- [Collected data]
§

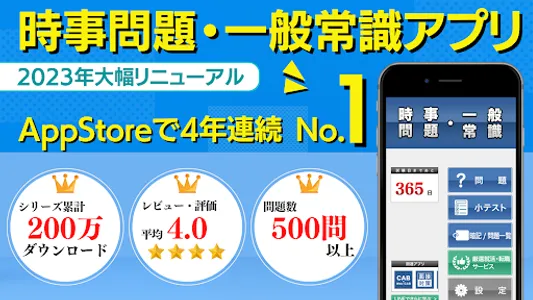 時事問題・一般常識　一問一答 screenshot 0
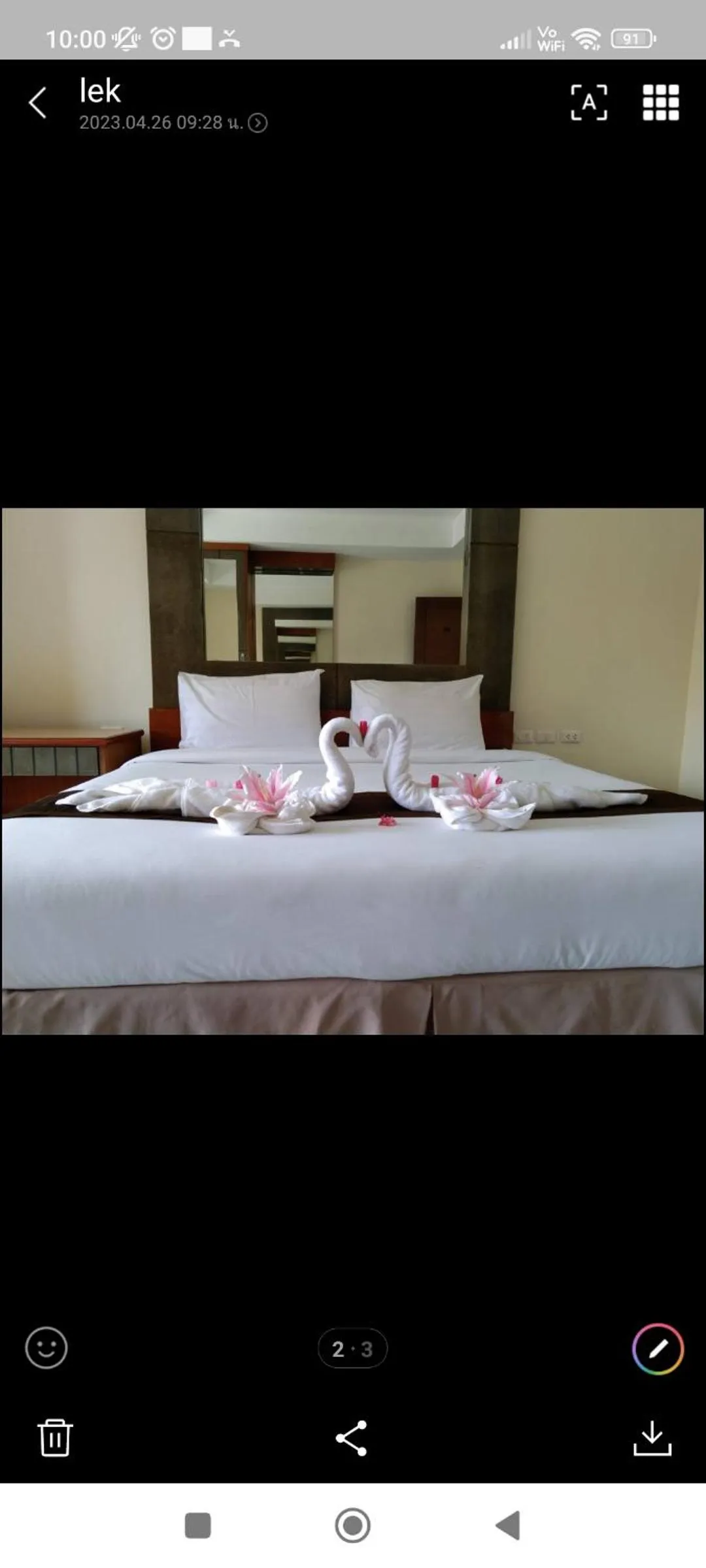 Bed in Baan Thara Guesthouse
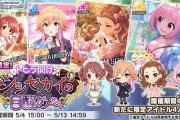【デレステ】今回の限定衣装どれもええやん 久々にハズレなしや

§

- [Work order]
Could the lines from the one with "Bed in Baan Thara Guesthouse" through the last line of the material above be written out exactly, both included, with pictures left out?

- [Solution to this problem]
 Bed in Baan Thara Guesthouse
【デレステ】今回の限定衣装どれもええやん 久々にハズレなしや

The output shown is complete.